- Work request:
Every line in the listing below from the one with "ZARA TRF - Faux Leather Shorts - S" through the one with "Penguin Heritage Slim" is to be reproduced exactly, both ends included; leave out the rest.

═══ Material for this exercise ═══

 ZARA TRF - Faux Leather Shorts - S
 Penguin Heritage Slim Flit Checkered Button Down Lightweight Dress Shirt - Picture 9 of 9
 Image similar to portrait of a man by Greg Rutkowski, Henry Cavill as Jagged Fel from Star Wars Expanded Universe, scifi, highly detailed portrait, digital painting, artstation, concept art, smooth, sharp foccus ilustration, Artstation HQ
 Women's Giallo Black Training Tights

═══
═══ Material for this exercise ═══

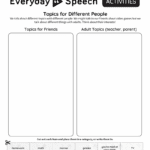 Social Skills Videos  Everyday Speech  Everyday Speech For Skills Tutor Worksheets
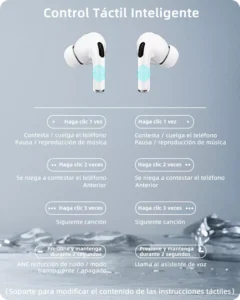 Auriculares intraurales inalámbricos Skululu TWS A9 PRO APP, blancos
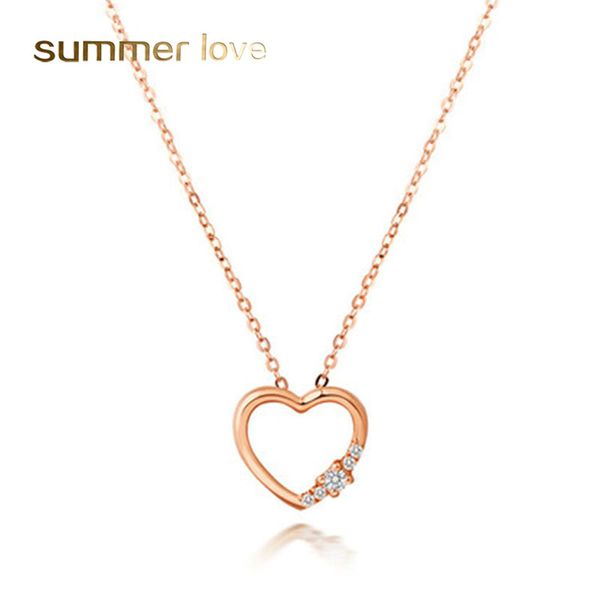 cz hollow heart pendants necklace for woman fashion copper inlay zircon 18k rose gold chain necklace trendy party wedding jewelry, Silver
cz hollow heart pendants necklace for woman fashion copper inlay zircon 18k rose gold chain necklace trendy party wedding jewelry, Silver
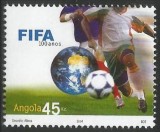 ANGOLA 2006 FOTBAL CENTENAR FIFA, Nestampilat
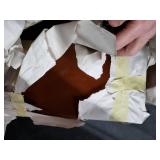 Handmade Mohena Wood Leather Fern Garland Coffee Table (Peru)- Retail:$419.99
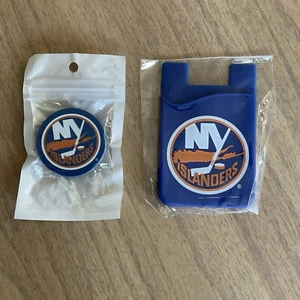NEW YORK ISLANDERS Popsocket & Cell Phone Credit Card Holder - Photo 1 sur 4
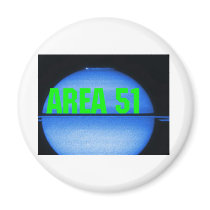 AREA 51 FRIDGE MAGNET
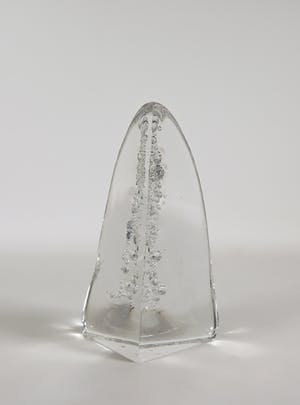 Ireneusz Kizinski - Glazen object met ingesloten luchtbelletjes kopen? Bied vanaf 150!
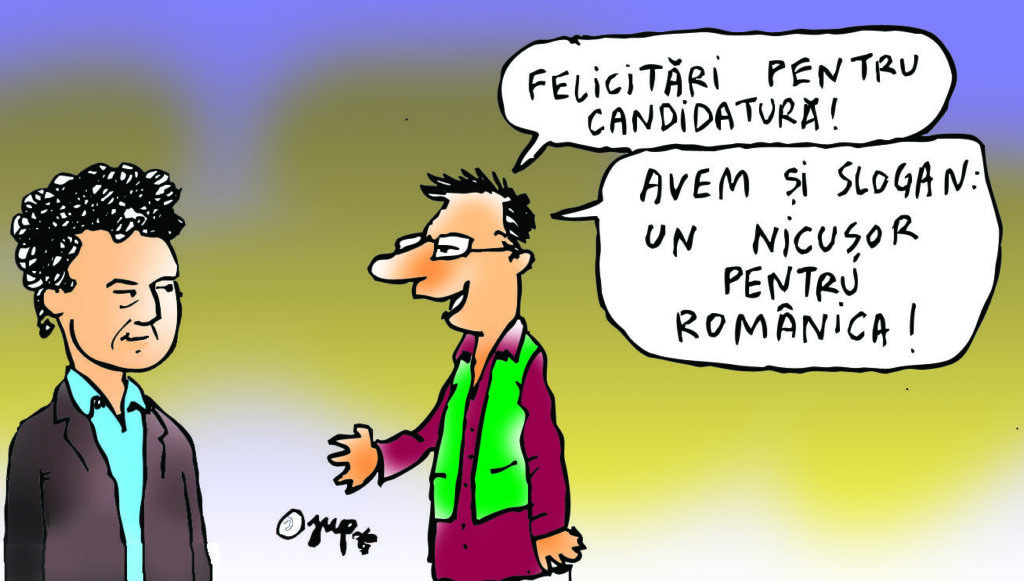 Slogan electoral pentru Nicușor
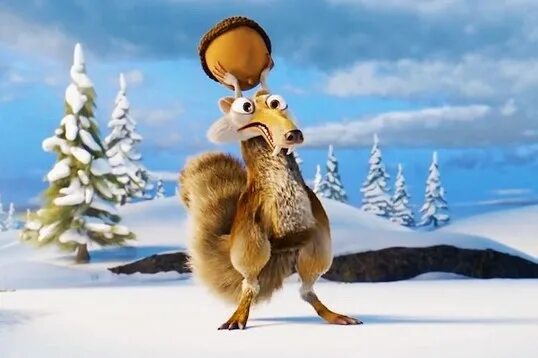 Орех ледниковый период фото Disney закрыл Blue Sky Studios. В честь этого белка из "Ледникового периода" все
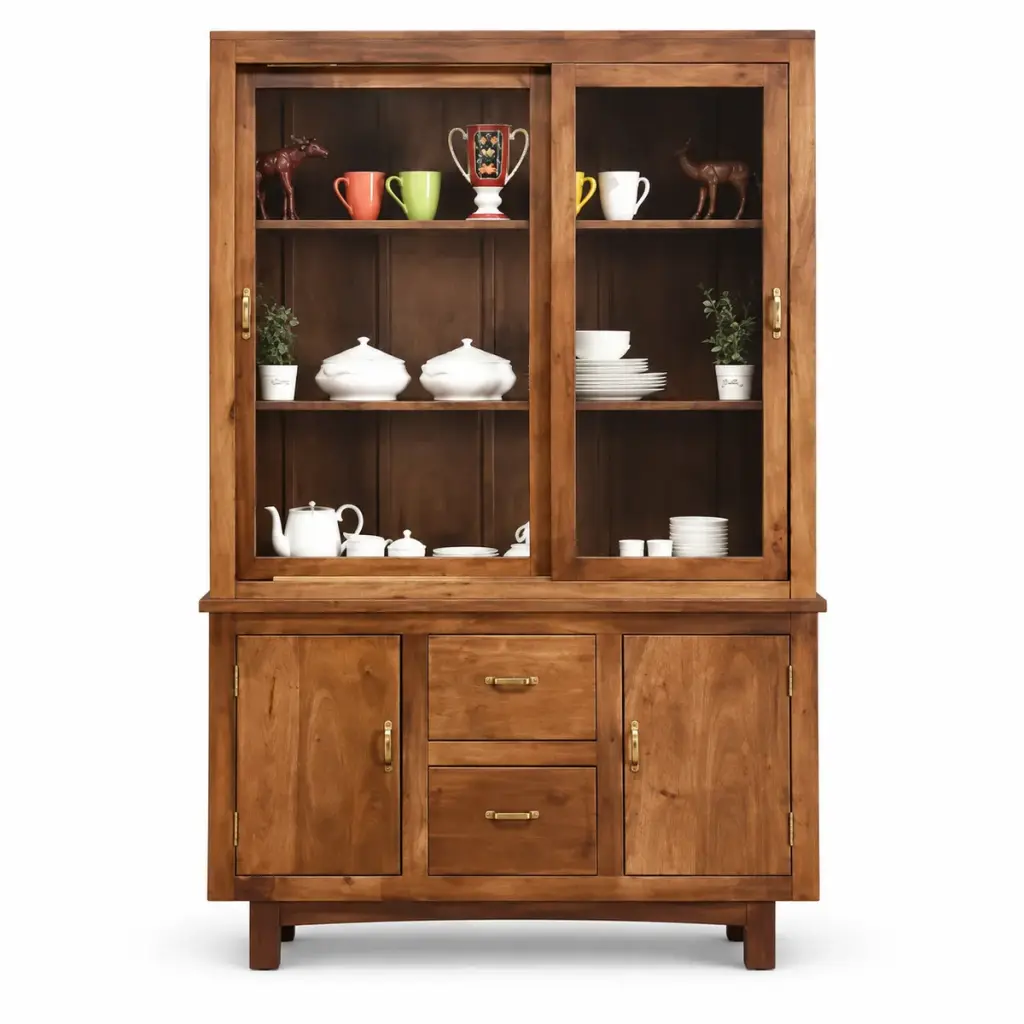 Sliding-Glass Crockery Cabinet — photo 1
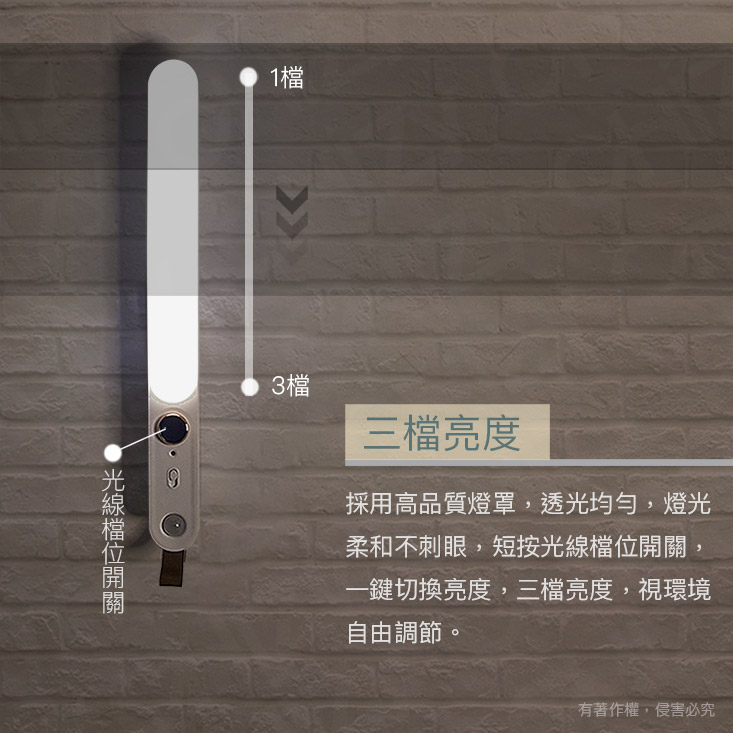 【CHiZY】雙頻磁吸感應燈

═══

- Result of the task:
 ZARA TRF - Faux Leather Shorts - S
 Penguin Heritage Slim Flit Checkered Button Down Lightweight Dress Shirt - Picture 9 of 9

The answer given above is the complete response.